The device emitted a buzzing pulse of feedback that made everyone wince. The sound was grating and disordered, as if the device had no concept of communicating in this fashion and was finding its way by trial and error. After a long moment, something like human speech began to surface from the garble of static.

“Why. Why why. Diiiiid. Why. Why. Am. Speak.”

Deanna gave her husband a sideways glance. The voice resembled his but with a peculiarly off-kilter syntax. “I think it’s sampling you,” she said from the side of her mouth.

Immediately, it mimicked her as well. “I. I. Think think think. I.”

“I’ve uploaded a linguistic framework,” said Dakal. “It should normalize in a moment.”

“Captain. William-Riker.” The pulses of light flickered wildly with each word uttered, becoming calmer in the pauses. “Interrogative. Question. Enquiry. Why? Why why? Am I a captive?”

“No,” Riker held up a hand. “That was not our intention.”

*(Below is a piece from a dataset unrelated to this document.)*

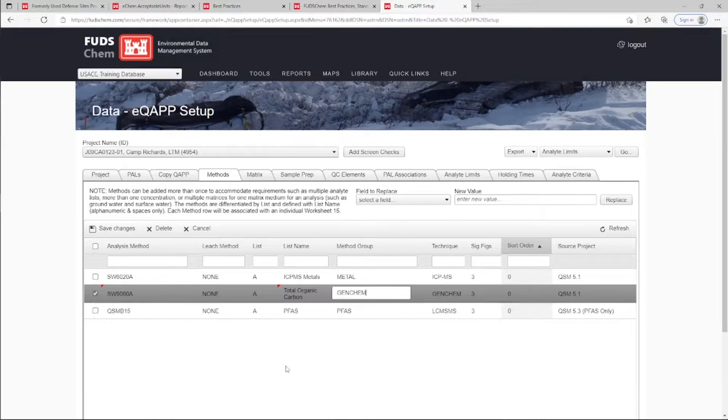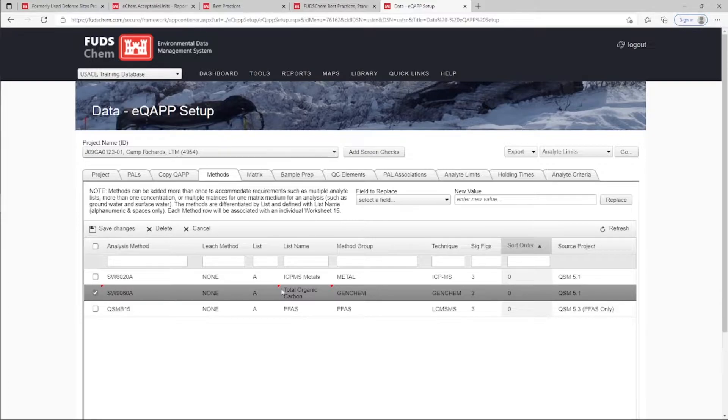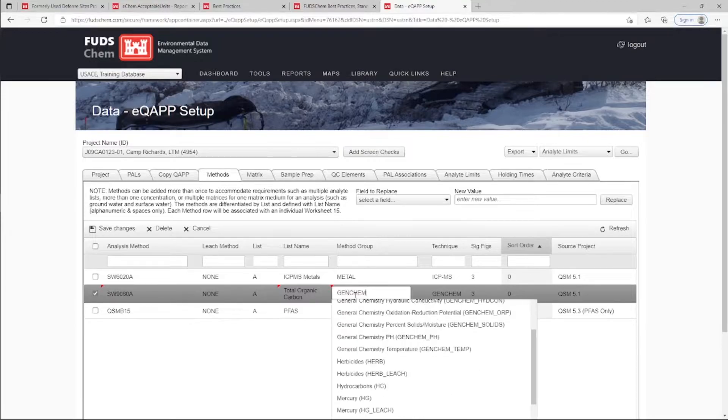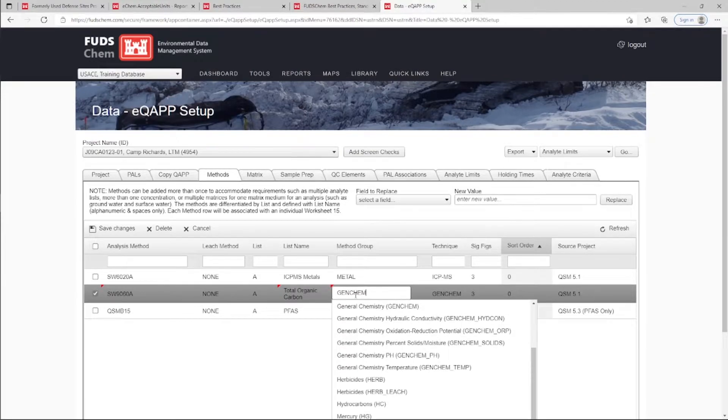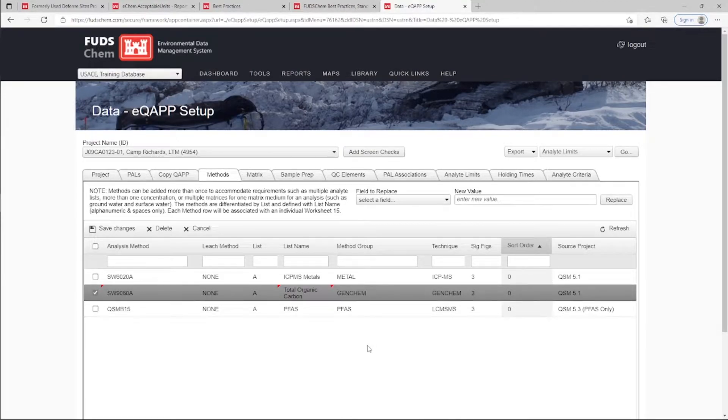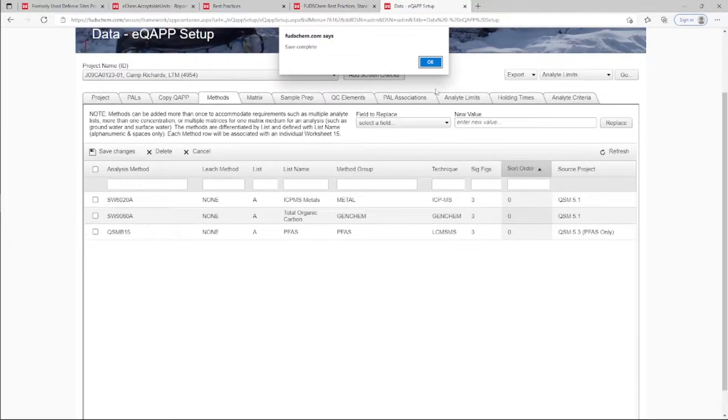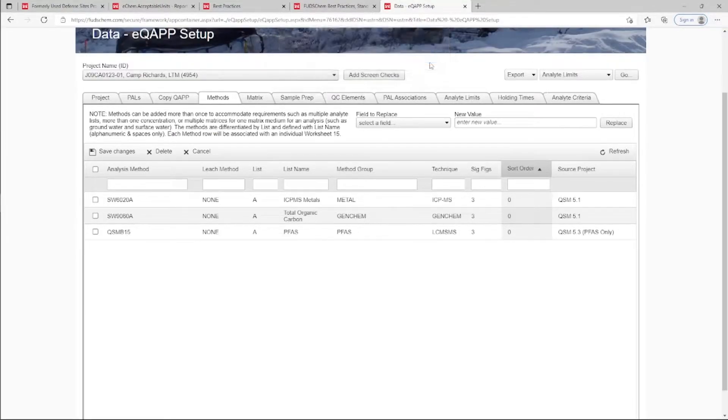In the case that a method is changed in this interface, the method group can be edited by clicking on the text and selecting a new option from the drop-down menu. Please reach out to your Synactics Point of Contact for assistance in determining what the correct method group would be.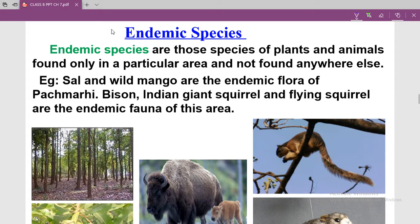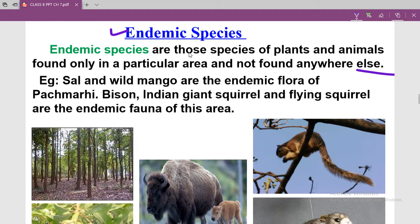Our next topic is endemic species. Endemic species are those species of plants and animals found only in a particular area and not found anywhere else. These are species specific to a particular area — you cannot find them in every place, which is why they are categorized as endemic species.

“You removed me by force. Took. Stole. Interrogative: Why was this done?”

“We were not aware of your nature,” he continued. “We wanted to learn more about you.”

“If you want to leave this ship, we can arrange that,” offered Deanna. “You’re a guest, not a prisoner.”

“You have isolated me. This is an act of aggression.”

“We did that for our safety as much as yours. The… discharge you sent out before was potentially lethal. We couldn’t be sure of your intentions.”

“I… comprehend. Failure of communication leads to error state, misreading of objective. This will not occur again.” The device crackled. “I am. Identifier: SecondGen White-Blue, iteration of the Sentry Coalition. Active mobile, status… undetermined. Damaged. Lost.”

Deanna’s brow furrowed. Was she imagining it, or was there a faint emotional content beneath the broken speech pattern? The tonality of the words seemed to express fear and doubt.

“My crew will do what we can to help you,” said Riker. “When we entered this area, we discovered the remains of your vessel. You suffered heavy damage.”

“Shipframe status: inoperable,” it agreed. “Multiple function train interrupts. System failure. Contact lost. Contact lost.”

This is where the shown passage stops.